Use-of-force and a 72‑hour response: Members probed Shields for a concrete, step-by-step 72-hour plan for managing a high‑profile use-of-force incident. Shields said there is no single playbook but emphasized three priorities: accurate, timely communication with the public and the department; ensuring accountability; and intensive after-action review and training. She described reviewing video and training gaps as a route to preventing future tragedies.

Discipline, union limits and metrics: Council members asked how Shields would discipline officers and work within collective-bargaining limits. Shields acknowledged she had not tracked the percentage of officers removed during her tenures and said disciplinary practices must be applied consistently. On measuring success, she urged a holistic approach—crime statistics must be paired with clearance and conviction rates as well as community trust measures. “Crime rate down” alone, she said, is not synonymous with good policing.

Support and skepticism from council members: Several council members expressed support for Shields’ experience and training-focused approach, noting the scale of operations she handled in Atlanta and Louisville. At the same time, others said they had read reports and received calls raising concerns about her prior leadership in other cities. One lawmaker said Buffalo “should not be a test case” and that the committee must exercise caution in voting on a commissioner who will face political and community scrutiny.
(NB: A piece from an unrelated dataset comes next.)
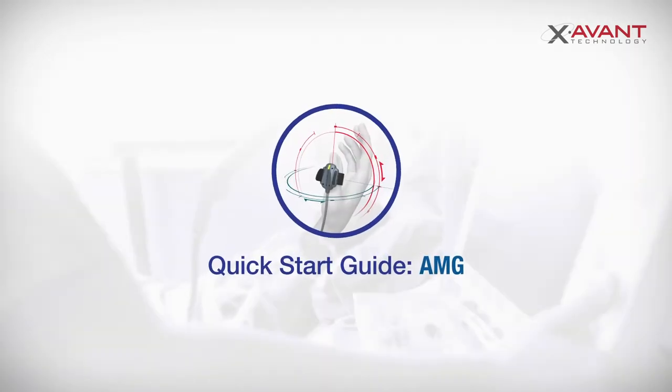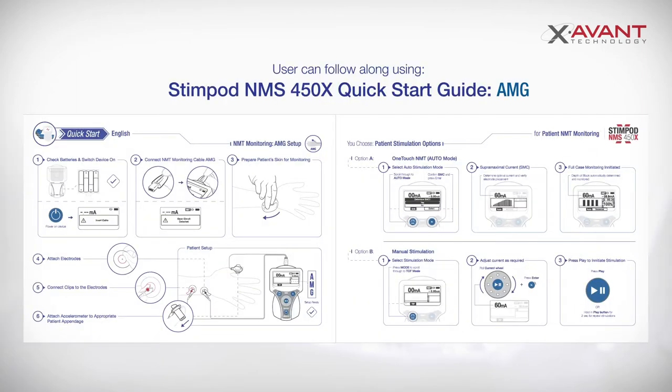Hi and welcome to our Stimpod quick start guide for AMG. This video will demonstrate how to set up NMT monitoring on a patient using Acceleromyography with the Stimpod. You are welcome to follow along using our printed Stimpod quick start guide for AMG.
Solvability and interagency work: Shields outlined tactics to improve violent‑crime solvability, including tracing illegal guns, working closely with the ATF, rapid testing of shell casings and, where necessary, contracting accredited private labs for DNA testing to avoid public‑lab backlogs. She emphasized sharing information across units to avoid compartmentalization and improve conviction rates rather than just clearance numbers.
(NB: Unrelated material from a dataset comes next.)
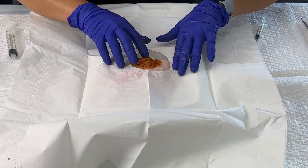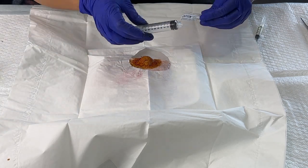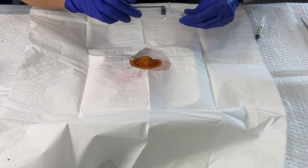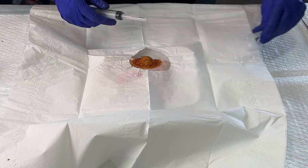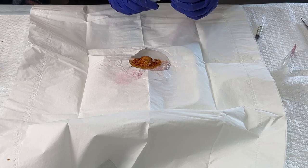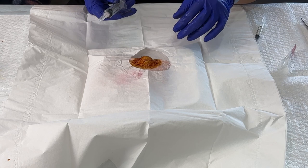I can see that there's the ganglion cyst and I can kind of feel it. I would use either a 5 or 10cc syringe, depending on how big the ganglion cyst is. I'm going to put an 18 gauge needle on it for aspiration because the material within these ganglion cysts is pretty viscous.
Mental health and diversion strategies: On homelessness and mental-health response, Shields described pre-arrest diversion partnerships with nonprofits and hospitals that place caseworkers alongside officers so eligible individuals can be directed to services instead of arrest. She argued co‑response models and embedding outreach staff at scenes can be effective alternatives to incarceration when capacity exists.

Overtime, planning and community policing: Council members asked how Shields would reconcile detailed planning with efforts to limit costly overtime and how she would work with the police union. Shields said she would engage the union and administration collaboratively and examine overtime figures to prioritize training, hiring and technology investments that ultimately improve officer safety and reduce overtime pressure. She also voiced support for pedestrian and bike patrols where feasible to increase officer-community contact.

Committee action and next steps: After several hours of questioning and exchange, the committee moved to close discussion and to report the nomination “without recommendation.” Seconds were recorded for the motions in the transcript, but no roll-call confirmation vote was recorded during the committee proceeding captured in the record. The committee adjourned following procedural motions.

What remains unresolved: Council members raised concerns about specific criticisms of Shields’ prior tenures, including community distrust in some neighborhoods and the limits imposed by collective‑bargaining agreements; Shields answered with a focus on training, oversight and cooperation with prosecutors and federal partners. The committee’s decision to report the nomination without recommendation leaves the matter to the broader council for final consideration.

The committee hearing provided detailed public testimony and a range of views from council members; it closed without a final confirmation vote in the committee transcript, setting the stage for further deliberation by the full council.